Rangers fight back to force Game 7

The Rangers' 1-0 Game 6 victory ended with a big brawl at the Garden. Scott Levy/Getty Images

Judging from the manner in which Sunday’s 1-0 win against the Washington Capitals ended -- with an angry, heated scrum after the buzzer -- the New York Rangers are in store for a nasty battle when they travel to D.C. on Monday for a winner-takes-all Game 7.

The enmity between the Rangers and Capitals has grown and festered over the past five years, a span during which the two teams have met in the postseason four times, and it promises to escalate with emotions roiling right now.

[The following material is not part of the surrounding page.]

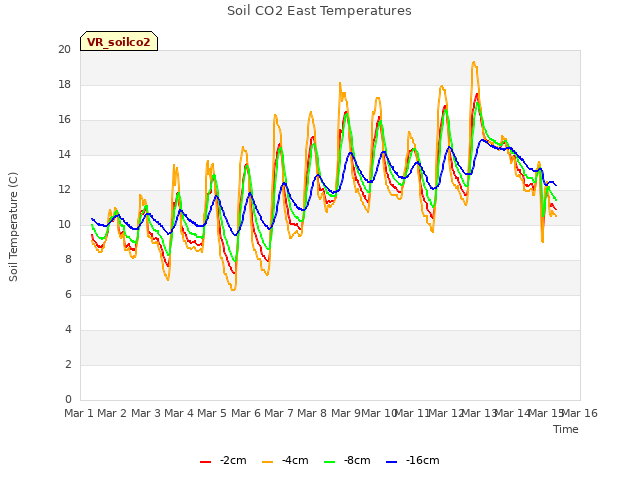 plot of Soil CO2 East Temperatures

After being blanked by the Rangers and reigning Vezina Trophy winner Henrik Lundqvist, several Capitals players seemed incensed about a play late in the third period that resulted in a New York power play. Sunk by their lack of discipline in Game 6 (a problem the team has battled throughout the series), the Capitals took a whopping seven penalties but had no problem defending defenseman Mike Green for crosschecking Rangers forward Derek Dorsett in the mouth with 6:14 remaining.

Before the penalty, the two players tangled in a collision that ended up with Green furious at Dorsett. He retaliated with a hard, swift stick to the mouth. Dorsett was still bleeding after the game.

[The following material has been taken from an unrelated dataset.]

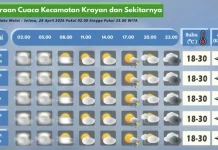 Prakiraan Cuaca Wilayah Krayan Hari Ini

Unprompted, Washington goaltender Braden Holtby called out Dorsett on the play.

“It’s a dirty slewfoot, and we’re short-handed from it,” Holtby said after making 28 saves to hold the Capitals in the game.

Capitals defenseman Karl Alzner agreed with Holtby and indicated that was at least part of the reason for the fracas that ended the game. Both Troy Brouwer and John Carlson were slapped with roughing penalties. Green emerged from the bottom of a pile looking woozy after getting a skate to the head, albeit an inadvertent one from his teammate Mike Ribeiro.

“Very, very dangerous,” Alzner said.

Dorsett, who was not aware of such allegations after the game, said he was trying to play hard and give his team an edge on special teams.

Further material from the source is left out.